Some things Manchu have been incorporated seamlessly into Beijing culture, such as the popular pastry saqima and the figure-hugging dresses known as cheongsam. Like the Yiddish woven into New York slang, Beijingers use Manchu-derived insults such as “moceng,” meaning “slow,” and “mama huhu,” meaning “mediocre” or “careless.”
Not all Manchus can trace their lineage to emperors, but many have ties to the former imperial bureaucracy. (In fact, a large number of descendants found jobs in the civil service or in state-owned companies, many joining the Communist Party.) In far western China, near the Kazakhstan border, descendants of a garrison of Qing soldiers still speak a dialect of Manchu, among the few native speakers left in China.
Manchus today live throughout China, indistinguishable from the Han majority except for a few physical traits. They tend to be larger, with more prominent noses and curlier hair.
“We wear the same clothes. I don’t feel we are so different from other Chinese people,” said Na Na, a 20-year-old Manchu student who has been working with her father, a calligrapher, to revive Manchu culture.
The number of people in China who identify themselves as Manchu (a classification that exists on Chinese identification cards) has increased from just over 4 million in the early 1980s to more than 10 million. Because the increase is greater than the birthrate, it suggests that many people have changed their classification back from Han.
Unlike some other Chinese minorities, Manchus are not exempt from China’s limits on family size, although they do get preferential treatment on college entrance exams as part of an affirmative action program for minorities.
But the primary benefits of being Manchu appear to be psychological, a way to distinguish oneself in a country of 1.3 billion.
“Right now, China is stable, politically and financially. People have the leisure to trace back their family history,” said Ye Ming, 29, who runs an Internet forum called Fortunate Manchu Ethnicity, with 17,000 members.
Ma Baohe, 20, of Hebei province says he became interested in his Manchu heritage when he started college and met other minorities. “People would say to me: ‘Oh, you’re Manchu. What’s your language?’
“I had no answer, so I figured I had to learn.”

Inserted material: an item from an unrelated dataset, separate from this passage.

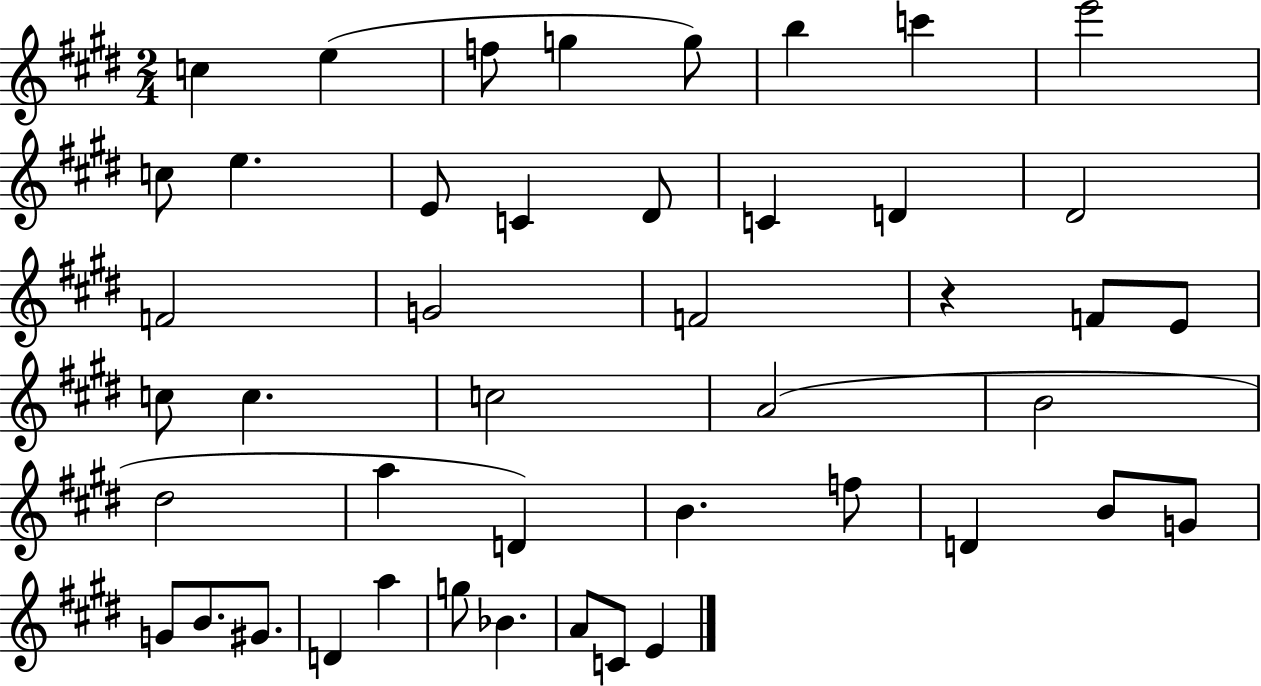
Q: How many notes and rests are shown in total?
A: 45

The Manchu language is multisyllabic and lyrical; some linguists believe it to be part of the Altaic language group, which includes Mongolian, Korean and Turkish. It can be downright confusing to Chinese speakers: For example, the word for “father” — “ama” — sounds like “mother” in Chinese.

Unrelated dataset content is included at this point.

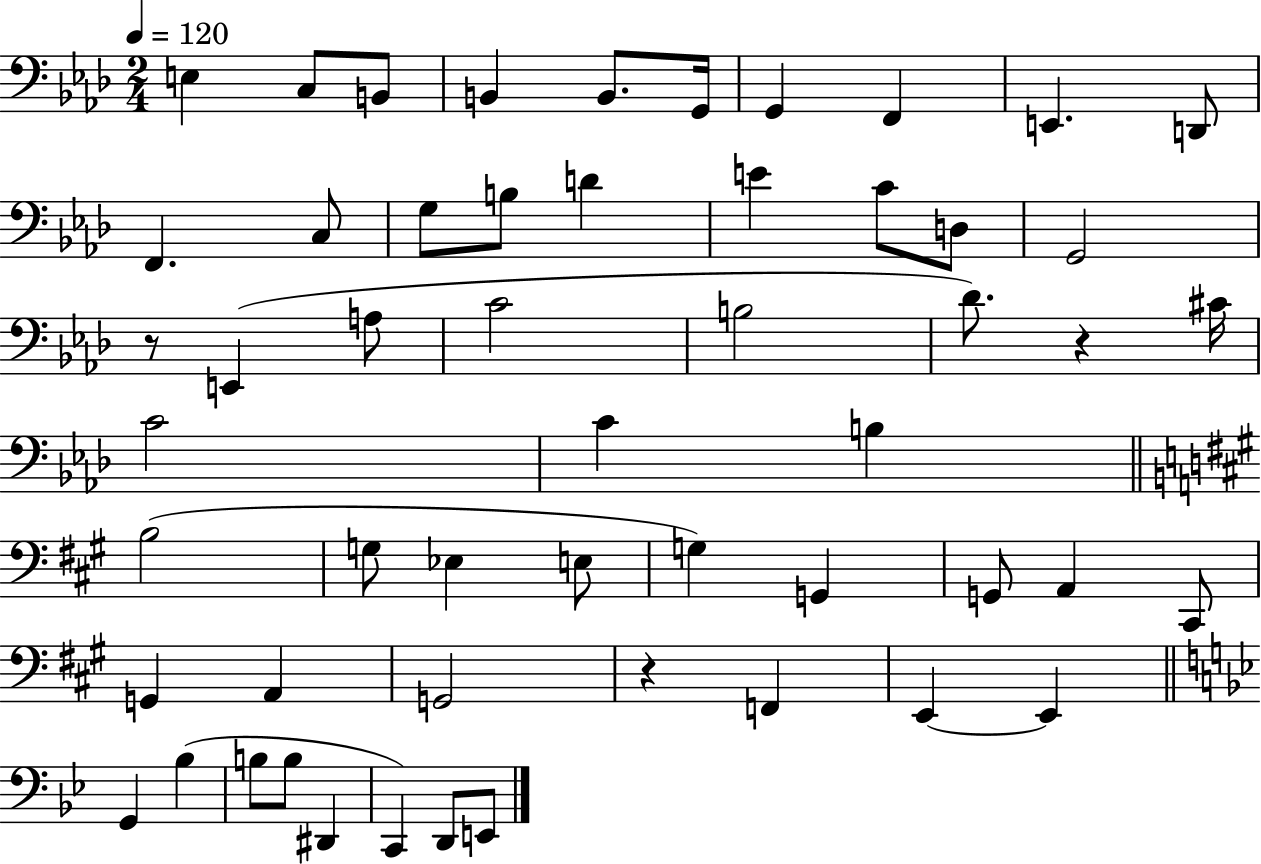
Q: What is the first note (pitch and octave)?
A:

Courses in the Manchu language are now offered at Ethnic Minorities University in Beijing and at other schools around China. Because the Manchus have no separatist aspirations, they are considered a model minority by the Communist Party, and the government has encouraged some elementary schools in northeastern China, the heartland of old Manchuria, to offer the language so it doesn’t die out.

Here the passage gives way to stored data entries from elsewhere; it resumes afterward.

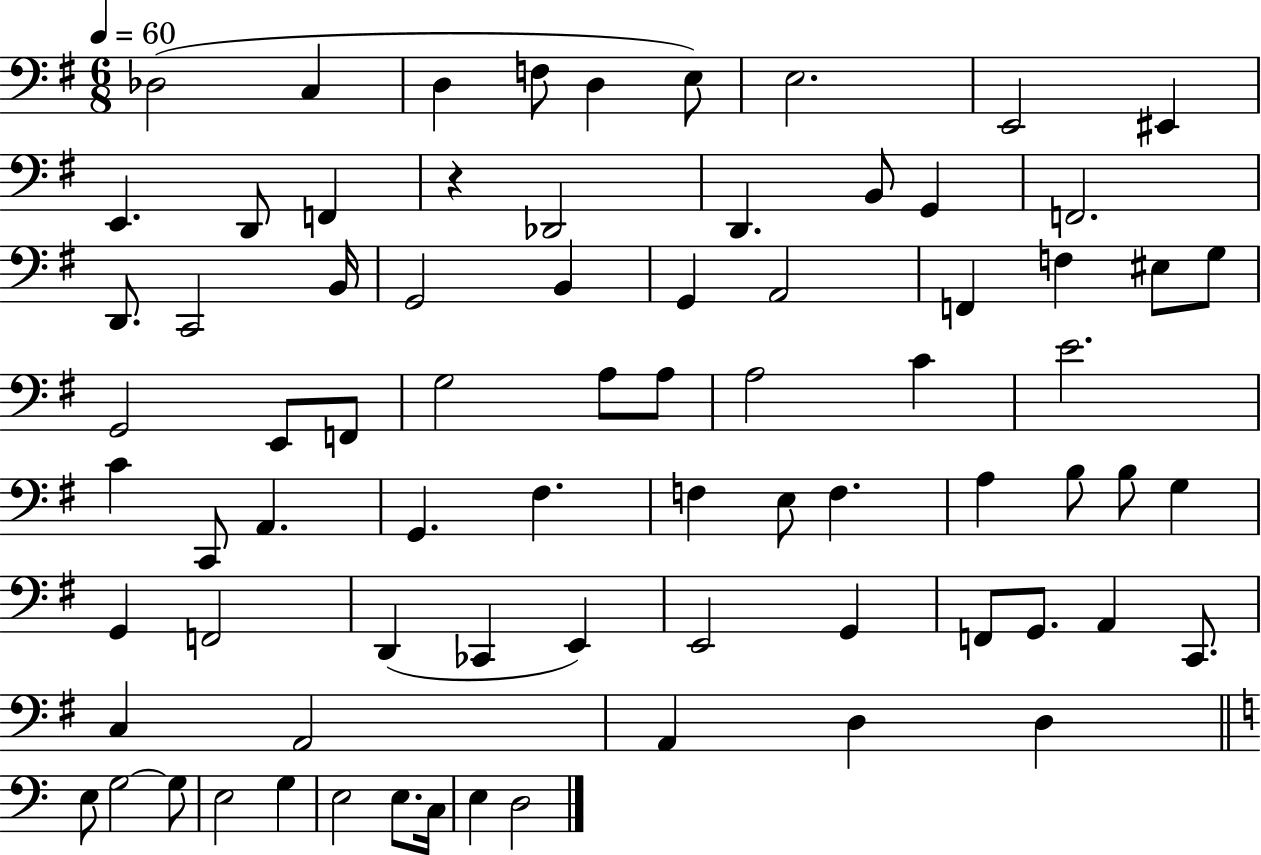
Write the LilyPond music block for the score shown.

{
  \clef bass
  \numericTimeSignature
  \time 6/8
  \key g \major
  \tempo 4 = 60
  \repeat volta 2 { des2( c4 | d4 f8 d4 e8) | e2. | e,2 eis,4 | \break e,4. d,8 f,4 | r4 des,2 | d,4. b,8 g,4 | f,2. | \break d,8. c,2 b,16 | g,2 b,4 | g,4 a,2 | f,4 f4 eis8 g8 | \break g,2 e,8 f,8 | g2 a8 a8 | a2 c'4 | e'2. | \break c'4 c,8 a,4. | g,4. fis4. | f4 e8 f4. | a4 b8 b8 g4 | \break g,4 f,2 | d,4( ces,4 e,4) | e,2 g,4 | f,8 g,8. a,4 c,8. | \break c4 a,2 | a,4 d4 d4 | \bar "||" \break \key a \minor e8 g2~~ g8 | e2 g4 | e2 e8. c16 | e4 d2 | \break } \bar "|."
}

Nowadays, fewer than 100 people are believed to be native speakers of Manchu, the largest cluster of them in a single isolated village, Sanjiazi, in northeastern China.
“Only the old people can really speak the language,” said Shi Junguang, a part-time Manchu-language teacher who learned from his grandmother and has about 70 students.
So few people can read Manchu that many Qing Dynasty documents have gone untranslated, scholars say.
Despite their enthusiasm for Manchu culture, little Yiyi’s family has not gone so far as to study the language.
Nicole Liu of the Los Angeles Times’ Beijing bureau contributed to this report.